List Hay to be picked up directly from the field the day you're baling or sell your hay that is already baled and stacked in storage.

Apple App Store link: https://itunes.apple.com/us/app/haymap/id1071959268





You can reach us anytime at [email protected] with any feedback or ideas.

Thanks!


----------



## somedevildawg

Requires latest OS from Apple for those interested.....


----------



## HayMap

Thanks for pointing that out somedevildawg.


----------



## mlappin

Cute.

Most of my customers don't even have landlines though and never have.


----------



## HayMap

mlappin said:


> Cute.
> 
> Most of my customers don't even have landlines though and never have.


Most farmers in Africa have never had landlines and never will but they were able to take advantage of the mobile phone infrastructure and now almost every farmer there buys their seed, fertilizer and chemicals using a mobile phone and get paid for their crops at harvest with their mobile phone. I figured they would be the last ones on earth doing such things. Turns out no one ever laid a landline infrastructure because of the high cost but cell towers were put up all across the land for a fraction of the cost.


----------



## PaCustomBaler

Looks great, what is the price for installing the app?


----------



## HayMap

PaCustomBaler said:


> Looks great, what is the price for installing the app?


The app is free to download. It is free to List hay for sale. We collect a 3% fee, (Minimum $1.00, Max. $100) per listing when your hay sells through the app. Example: (1) $50 Round Bale would cost you $1.50 to sale. This helps cover the cost of running and updating the HayMap platform. We'll have a web-based version and Android version soon. Along with a Pro version coming out shortly for large producers and we can offer lower rates (2%) along with Hay Sales Market Reports, Production Reports and more features for those Pro members.


----------



## PaCustomBaler

Hmm ok. A little salty but maybe worth it. Any of you other guys on here use it yet with success?


----------



## mlappin

HayMapApp said:


> Most farmers in Africa have never had landlines and never will but they were able to take advantage of the mobile phone infrastructure and now almost every farmer there buys their seed, fertilizer and chemicals using a mobile phone and get paid for their crops at harvest with their mobile phone. I figured they would be the last ones on earth doing such things. Turns out no one ever laid a landline infrastructure because of the high cost but cell towers were put up all across the land for a fraction of the cost.

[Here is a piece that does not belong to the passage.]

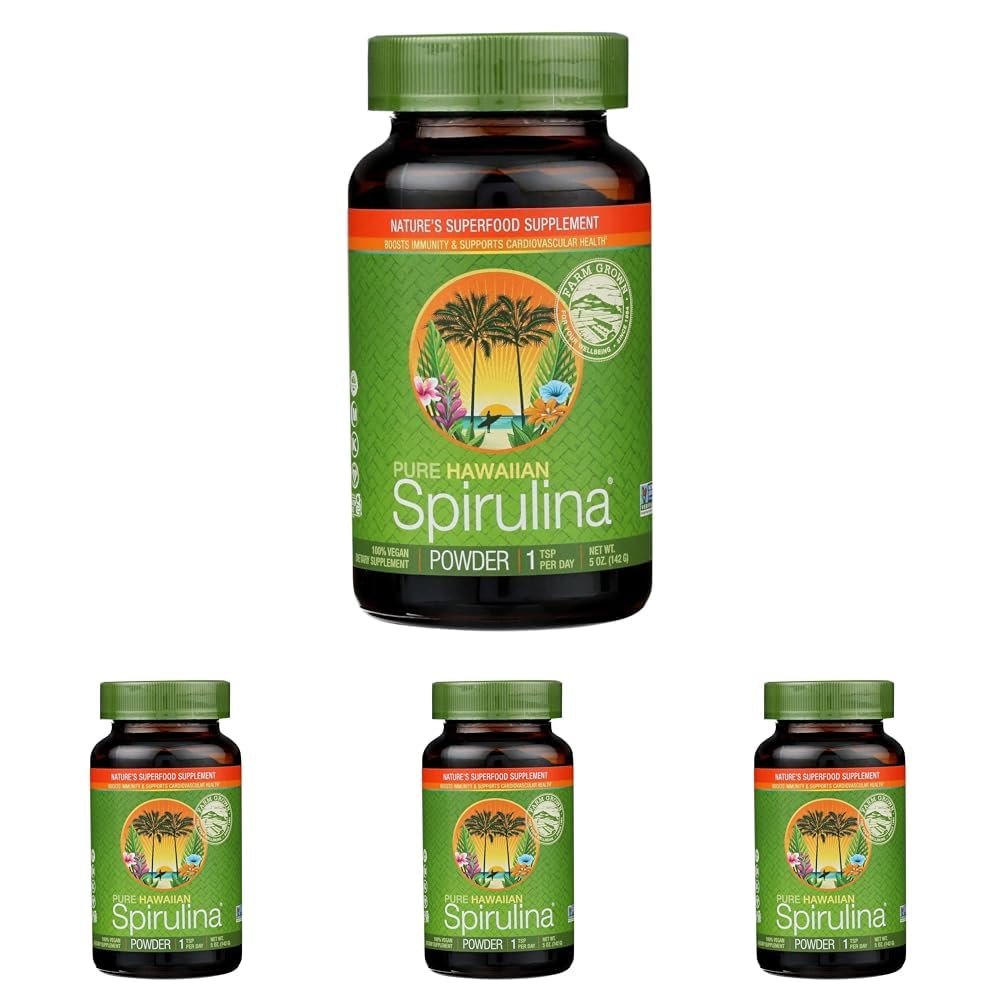 Pure Hawaiian Spirulina Powder Natural Premium Spirulina from Hawaii Vegan, Non-GMO, Immunity Support - Superfood Supplement & Natural Multivitamin, 5 Ounce (Pack of 4)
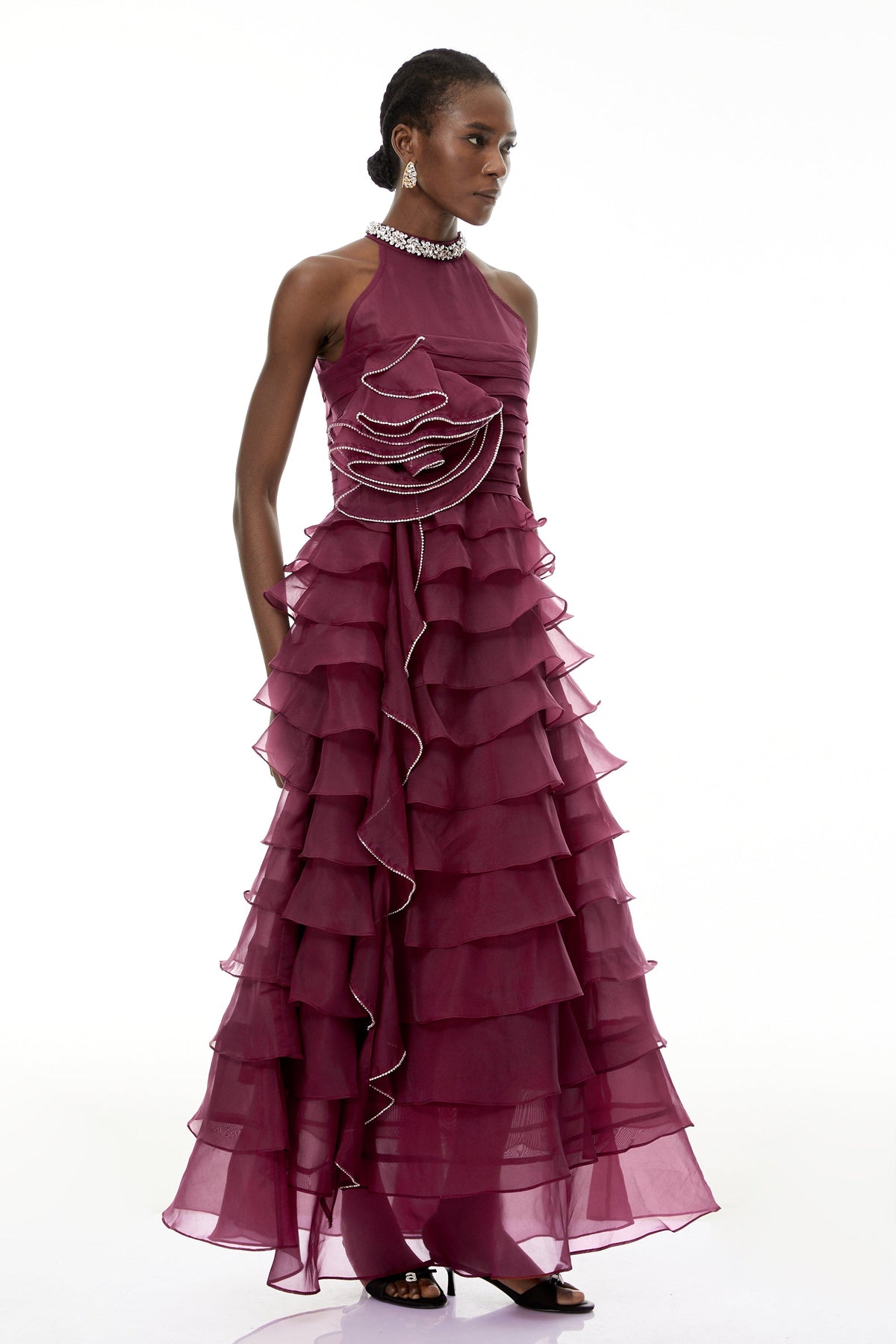 Samantha Red 3D Petal Ruffled Rhinestone Embellished Maxi Dress Flowering Girl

If the amish don't have landlines, cellphones won't fly either.


----------



## HayMap

mlappin said:


> If the amish don't have landlines, cellphones won't fly either.


You're more familiar with the way they do business but from what I understand they definitely aren't into technology. I think they aren't as ancient as some believe but they definitely keep it to a minimum. I bought a machine called the bale destroyer marketed through Messicks but if I'm not mistaken I believe it's made by some Amish folks.


----------



## Lewis Ranch

I signed up on their app. The only hay available is all the tractor supply stores, who would want to buy their overpriced hay?


----------



## HayMap

Lewis Ranch said:


> I signed up on their app. The only hay available is all the tractor supply stores, who would want to buy their overpriced hay?


Exactly. Their quality is low and price is high but we had to have some initial options for people looking for hay. Opening the app to see no hay at all is a poor experience. Us producers can offer a way better product at a lot better price. A lot of folks just don't know where we are and how much hay we have for sale, etc. It will take some time to get hay for sale from us individual producers but we have a whole lot of interest. We've got about 2,000 different farms and ranches signed up and have been out about 10 days.


----------



## DSLinc1017

Personally, I would rather just pay for the App outright than to have to pay a percentage.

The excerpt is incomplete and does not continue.